+++ Exercise data

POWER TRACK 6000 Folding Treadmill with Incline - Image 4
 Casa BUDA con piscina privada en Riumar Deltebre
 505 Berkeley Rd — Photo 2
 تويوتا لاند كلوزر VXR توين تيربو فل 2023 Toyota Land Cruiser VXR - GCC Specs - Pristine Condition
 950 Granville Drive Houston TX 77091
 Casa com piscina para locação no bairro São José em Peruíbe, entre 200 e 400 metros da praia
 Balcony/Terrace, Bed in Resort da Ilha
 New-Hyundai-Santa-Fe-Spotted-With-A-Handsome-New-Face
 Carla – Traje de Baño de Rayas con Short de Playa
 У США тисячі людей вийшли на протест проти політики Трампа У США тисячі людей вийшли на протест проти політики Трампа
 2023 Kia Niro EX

++++++

• Your instructions
Through the last line of the entries above, beginning at the line containing "950 Granville Drive Houston TX 77091", transcribe each line exactly, both ends included and nothing more.

• Response below
 950 Granville Drive Houston TX 77091
 Casa com piscina para locação no bairro São José em Peruíbe, entre 200 e 400 metros da praia
 Balcony/Terrace, Bed in Resort da Ilha
 New-Hyundai-Santa-Fe-Spotted-With-A-Handsome-New-Face
 Carla – Traje de Baño de Rayas con Short de Playa
 У США тисячі людей вийшли на протест проти політики Трампа У США тисячі людей вийшли на протест проти політики Трампа
 2023 Kia Niro EX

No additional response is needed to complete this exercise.